ただ、日給10万円だったらやりたいという女の子はそこそこいる、そういうことである。日給10万円でも絶対やりたくないという女の子の方が多いし、日給10万円でもできればやりたくないというのが大半の総意ではあるが。

で、面白いのが入り口の動機はその日給10万円が独立した動機として成立することが多いが、継続する動機は日給10万円それだけでは成立しないということである。簡単にいうと「特にお金に困ってはいないしものすごく欲しいものがあるわけでもないけど日給10万円もらえるならデリヘルやってみよっかな」というノリの人間はごまんといる。

しかし、高額な報酬それだけで何年も継続しているのかというと話は別で、多くが風俗嬢を始めてから、いい塩梅でお金を注ぎこめる対象を見つけ、そのために継続するという場合がものすごく多い。そうでなければ風俗嬢の貯金なんて軒並み数千万あってもおかしくないのである。

 

例えば歌舞伎町のホストクラブには圧倒的に風俗で働いている女の子が多いが、世間的にイメージされるように、あるいはどこぞの大女優の娘がわかりやすく実践して見せてくれたように「ホストにハマったから風俗嬢になった」という子はどちらかといえば少数で、「風俗嬢になったからホストにハマった」という子の方が多い。

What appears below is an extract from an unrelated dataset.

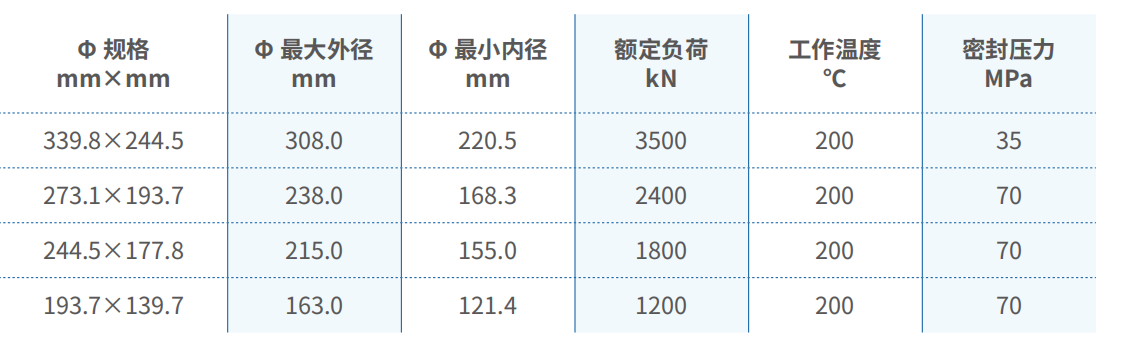 a940e45bb70ceae4de2335f2b57eaa6.png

そもそもキャバクラと違ってホストクラブなんていうのは日本のメジャーな遊び場ではないし、物理的にもイメージ的にも初回のハードルは高いので、夜業界に足でも突っ込んでいない限りなかなか行こうとは思わない。

風俗に入ってから行くぶんには、ちょうどシャンパン1本の料金が90分1本の手取り金額と同じだったりして、いい塩梅、つまり働き続けなければ行けないけれど頑張って働けば相当楽しめる、という具合にお金を注ぎ込む対象となる。

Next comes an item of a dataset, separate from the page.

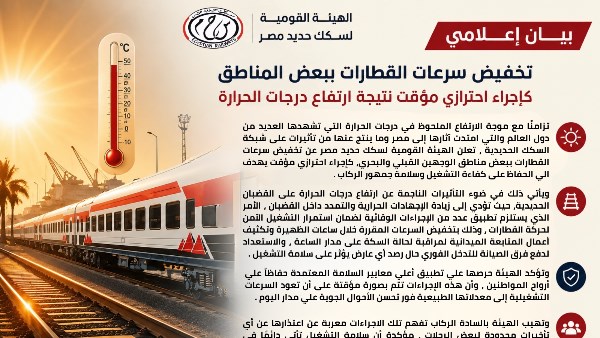 الهيئة القومية لسكك حديد مصر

オヤジに乳首を舐められ続けるに値するほどの対象は継続的に、そして半永久的になくてはならない。そしていくらでもお金を吸い込む機能がなくてはならない。ブランド品や高額なアニメの原画などのマニア向け商品もそれになり得るが、ある程度稼げば手に入ってしまい、また数限りあるという点ではやや役不足である。

圧倒的に存在感を示すのが、人の心や権利を手に入れられるというふれこみのホストクラブや、コンプレックスの源泉を取り除けるというふれこみの整形手術であるのは納得がいく。

上記2つを私は風俗嬢の供給を支える二本柱だと思っている。その2つほど存在感があるわけではないが、一定の割合で必ず出会うもう1つの注ぎ込み先は、パチンコやインターネットカジノなどのギャンブルである。